### Work instructions
Print the data below again in full, exactly as it stands, with no images.

### Data extract
__________

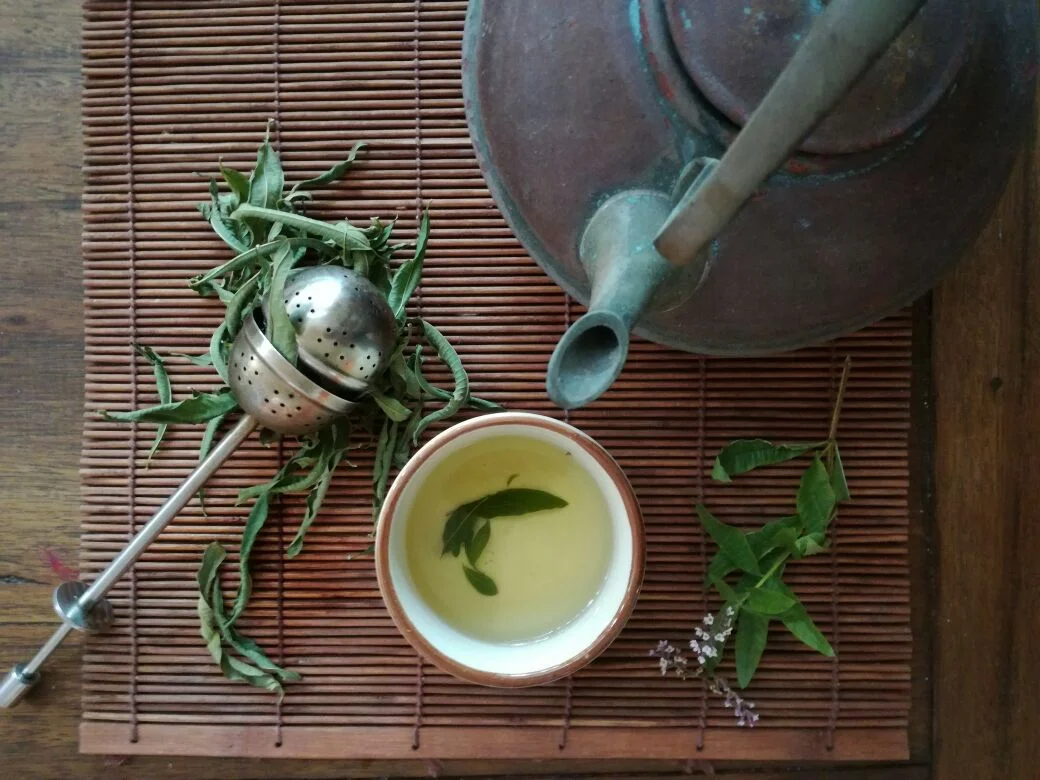 Freshly brewed lemon verbena infusion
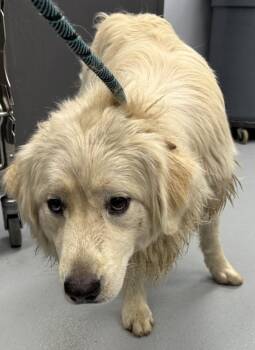 Ic-5c Fin -  Golden Retriever Dog for Adoption in Lawrenceville, Georgia - Ic-5c Fin | PetCurious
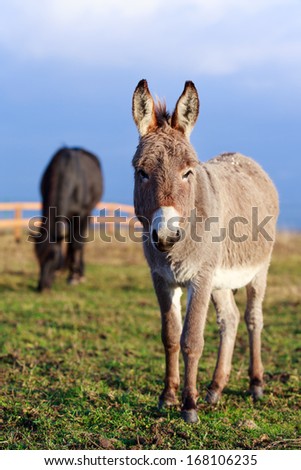 Grey Donkey And Black Horse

__________

### Task response
 Freshly brewed lemon verbena infusion
 Ic-5c Fin -  Golden Retriever Dog for Adoption in Lawrenceville, Georgia - Ic-5c Fin | PetCurious
 Grey Donkey And Black Horse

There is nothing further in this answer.